Problem
Within the records below, find the line with "Jätte fin bootcut" and the line with "Small Image of", then reproduce exactly those two lines and all lines between them, without any picture.

Source records
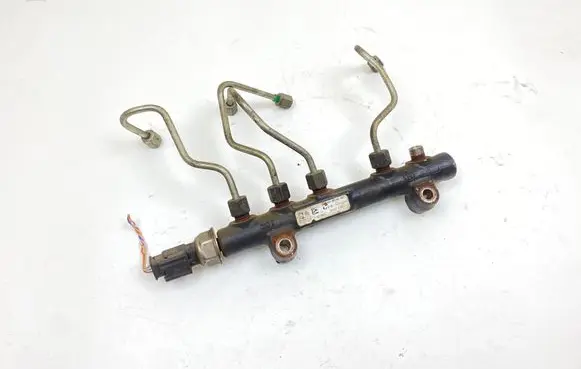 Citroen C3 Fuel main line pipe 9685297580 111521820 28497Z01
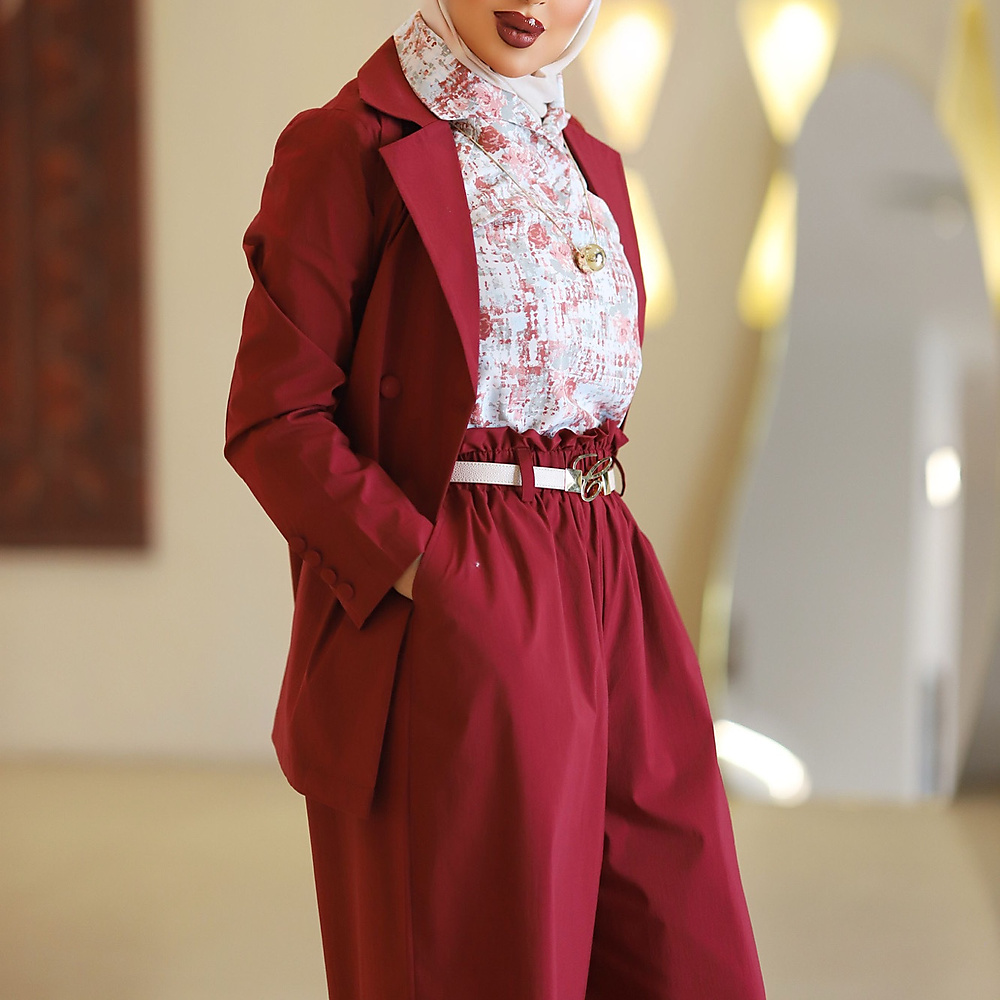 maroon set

--

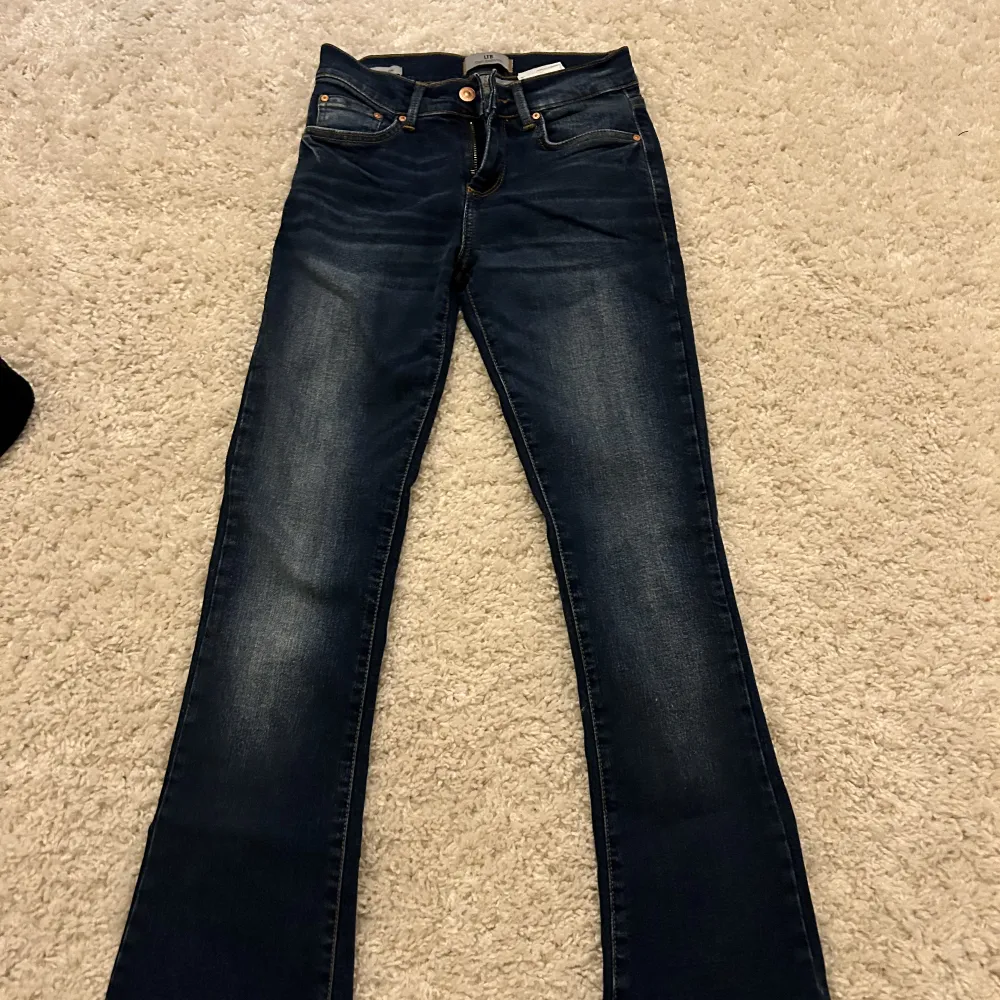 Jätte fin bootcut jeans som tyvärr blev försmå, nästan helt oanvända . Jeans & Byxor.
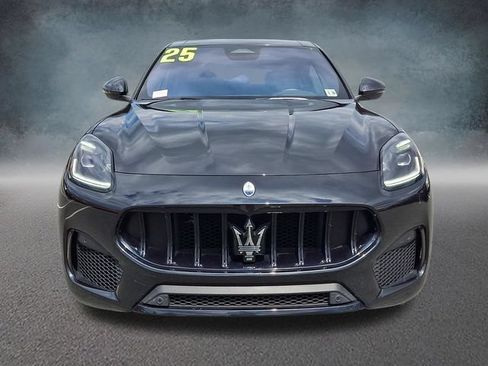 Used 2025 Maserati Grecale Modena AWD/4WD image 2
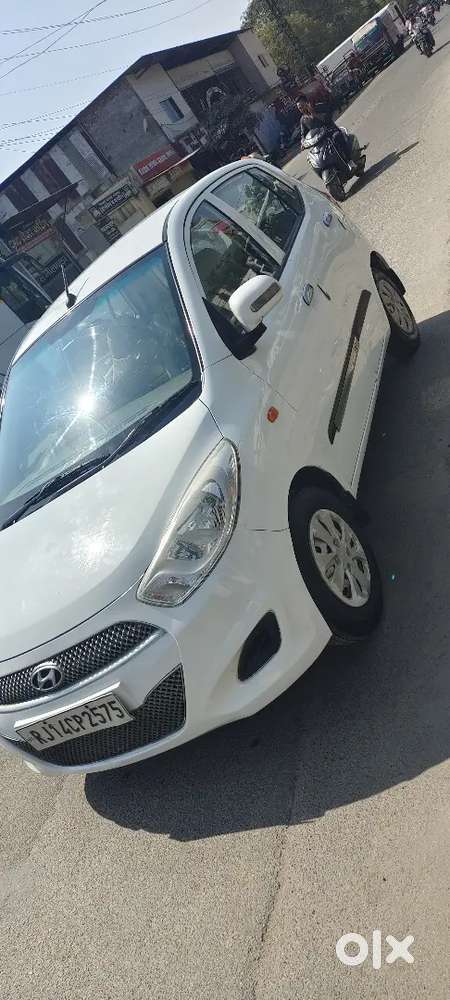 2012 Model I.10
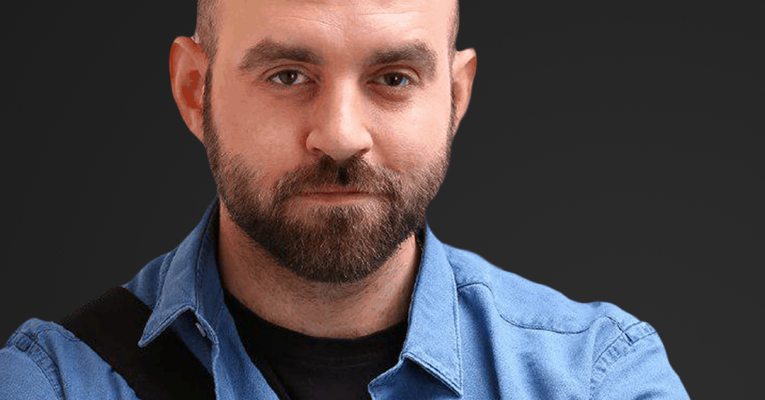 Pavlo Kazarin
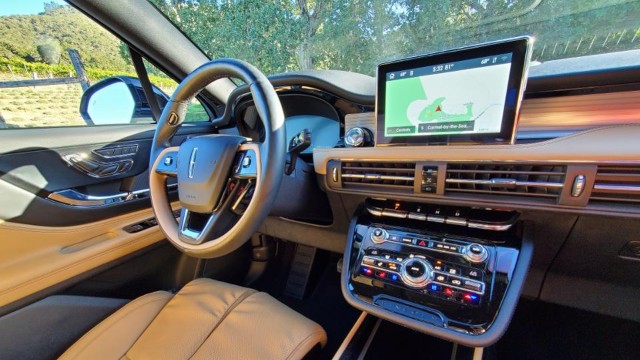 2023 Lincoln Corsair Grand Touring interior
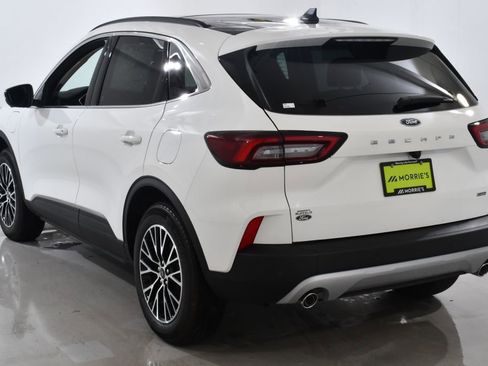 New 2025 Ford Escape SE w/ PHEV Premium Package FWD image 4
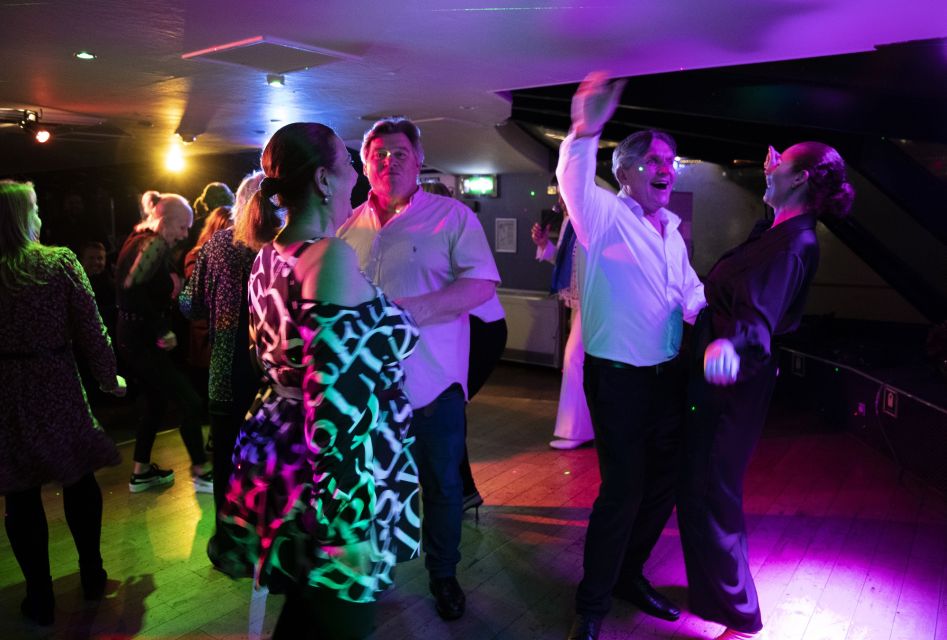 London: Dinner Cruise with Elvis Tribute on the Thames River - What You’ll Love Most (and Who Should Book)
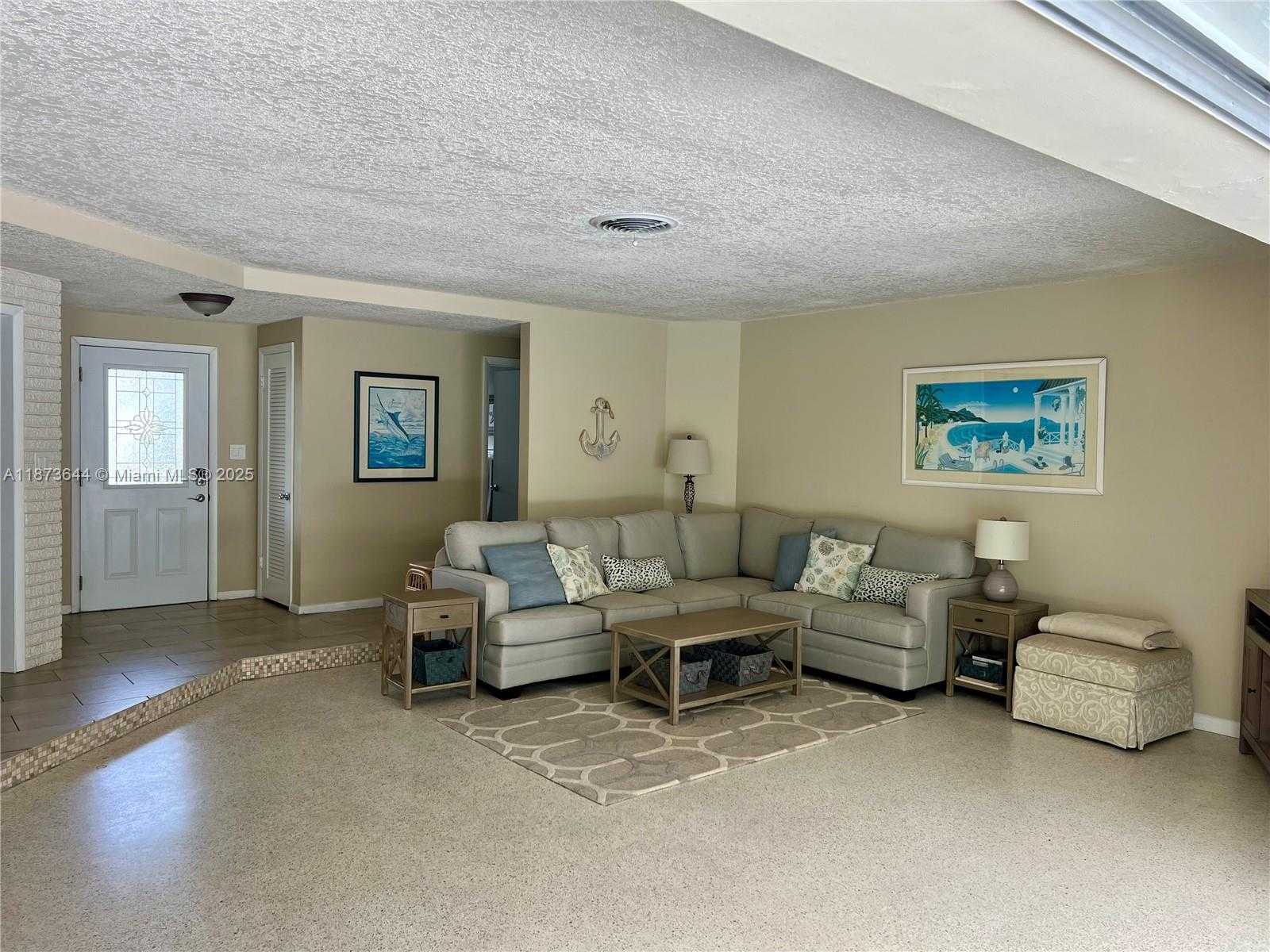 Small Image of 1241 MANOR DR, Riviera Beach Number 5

---

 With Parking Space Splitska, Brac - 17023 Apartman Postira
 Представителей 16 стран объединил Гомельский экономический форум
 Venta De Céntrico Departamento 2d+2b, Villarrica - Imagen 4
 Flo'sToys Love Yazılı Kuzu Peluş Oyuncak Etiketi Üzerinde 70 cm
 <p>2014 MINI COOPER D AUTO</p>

Result for this exercise
 Jätte fin bootcut jeans som tyvärr blev försmå, nästan helt oanvända . Jeans & Byxor.
 Used 2025 Maserati Grecale Modena AWD/4WD image 2
 2012 Model I.10
 Pavlo Kazarin
 2023 Lincoln Corsair Grand Touring interior
 New 2025 Ford Escape SE w/ PHEV Premium Package FWD image 4
 London: Dinner Cruise with Elvis Tribute on the Thames River - What You’ll Love Most (and Who Should Book)
 Small Image of 1241 MANOR DR, Riviera Beach Number 5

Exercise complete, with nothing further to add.